Overall, this is the kind of write-up that should exist in every system design doc before the first line of code is written. Most teams only discover these patterns after their first serious incident.

Alok Ranjan Daftuar • Mar 19

Thank you — this is exactly the kind of comment that makes writing these posts worthwhile.

Your point on idempotency fragmentation is something I deliberately left implicit, and in hindsight it deserved its own section. The assumption that "someone else is handling it" at each boundary is one of the most persistent and expensive beliefs in distributed systems design. Every async boundary is a new idempotency domain, full stop.

The semantic vs. structural distinction is a sharp one. Payload hashing is a structural check, and you're right that it breaks down when two requests carry identical bytes but different intent — timing-dependent state, external context, caller assumptions that aren't encoded in the payload. I've seen this surface most painfully in pricing and inventory systems where the "same" request means something different depending on when it lands. It's an under-discussed failure class.

On the consistency model point — fully agree, and I probably understated it. The correctness guarantee of the two-phase reservation is strictly bounded by the consistency of the underlying store.
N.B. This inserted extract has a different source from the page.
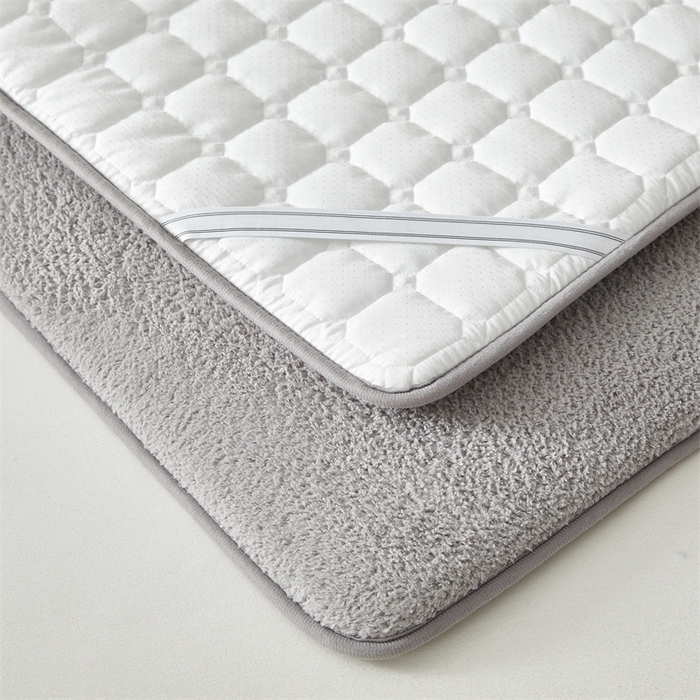 91家纺网 家纺一手货源 找家纺 伊赛家纺 2026新款羊羔绒床垫 灰色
A Redis cluster under a network partition, or a DynamoDB table relying on eventually consistent reads, gives you probabilistic deduplication, not deterministic correctness. That gap is where teams get surprised. A future post on distributed locking will go deeper there.

The exactly-once vs. deterministic convergence distinction is precise and worth repeating loudly. Idempotency gives you a stable outcome under retries, not a guarantee that the operation executed once. Engineers conflating the two end up with systems that appear correct in testing and fail in subtle ways under production load.

The four areas you'd push further — state machine formalization, consistency trade-offs per store, saga re-entry, and idempotency-layer observability — are all on the roadmap. The saga interaction piece is covered partially in the follow-up post on orchestration vs. choreography, but the re-entry angle specifically (retries landing mid-compensation) deserves dedicated treatment. Adding it to the list.

Appreciate the thorough engagement with this.

Andre Cytryn • Mar 18

the consistency model of the backing store is the part that trips teams up most in practice. two-phase reservation only works if insert-if-not-exists is genuinely atomic, and that rules out naive Redis approaches unless you use Lua scripts for the check-and-set atomically. Postgres INSERT ... ON CONFLICT DO NOTHING inside a serializable transaction gives you much cleaner correctness guarantees, which is why I've seen teams reach for it even when Redis is already in the stack. curious whether you've run into the TTL alignment problem specifically, where a key expires while the operation is still IN_PROGRESS during a slow downstream call.

Alok Ranjan Daftuar • Mar 19

The Lua point is worth hammering — most Redis implementations get this wrong because SET NX + GET is two round trips, not one atomic op. The atomicity only exists inside a single Lua execution context.

And yes, Postgres INSERT ... ON CONFLICT DO NOTHING is underrated here. Correctness proof is simpler, and co-locating the deduplication record with your business data in the same transaction is the real win, not just the uniqueness guarantee.

On TTL expiry during slow downstream calls — hit this in a payment context. The fix was decoupling IN_PROGRESS TTL (sized to p99 of your slowest call) from COMPLETED TTL (sized to your full retry window), with a compare-and-swap on completion so a late-arriving first response can't silently overwrite a retried completion. Only clean solution short of making TTLs unreasonably long.